- Information supplied:
####

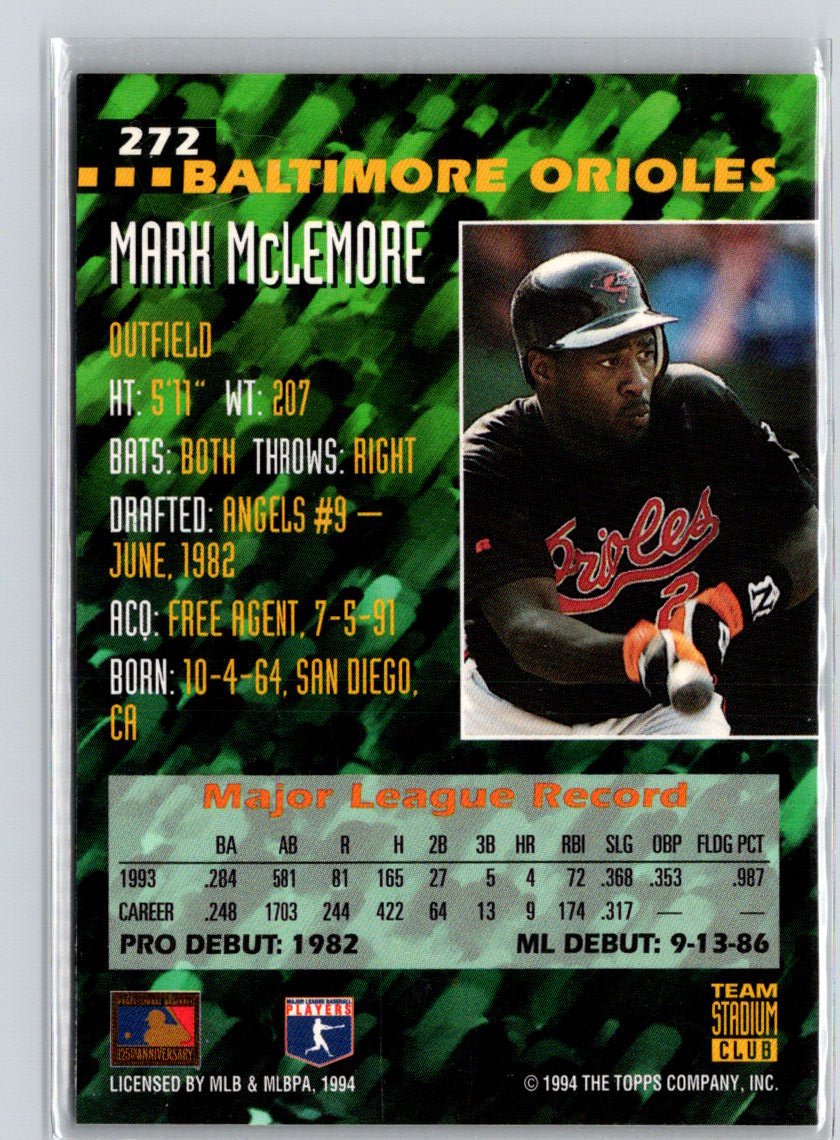 1994 Stadium Club Team #272 Mark McLemore First Day Issue F4
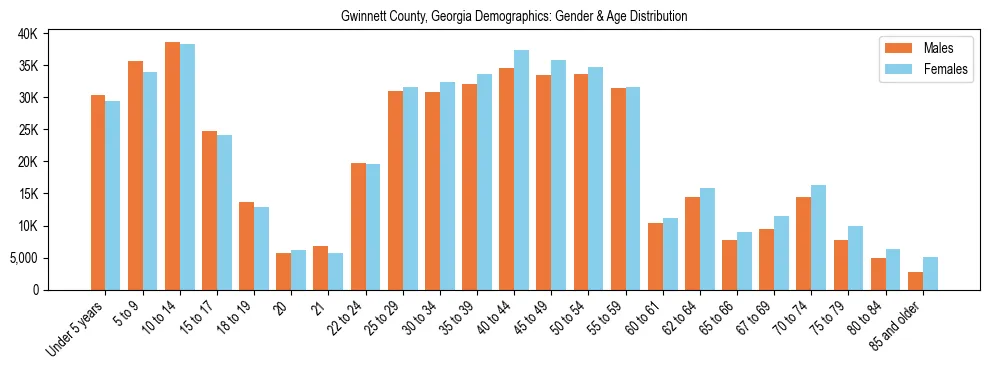 Bar chart showing the population distribution of Gwinnett County, Georgia by age group and gender, based on 2023 ACS data.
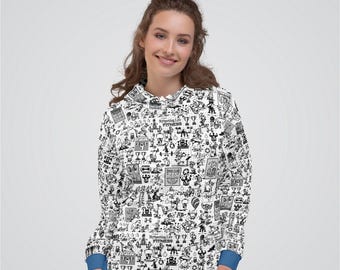 Felpa con cappuccio Fitness Collage / Felpa con stampa atletica, stile unisex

####

- Instructions for the task:
An exact copy is needed of the lines running from the one with "Bar chart showing" through the end of the data above, and of those lines only, without pictures.

- Exercise output:
 Bar chart showing the population distribution of Gwinnett County, Georgia by age group and gender, based on 2023 ACS data.
 Felpa con cappuccio Fitness Collage / Felpa con stampa atletica, stile unisex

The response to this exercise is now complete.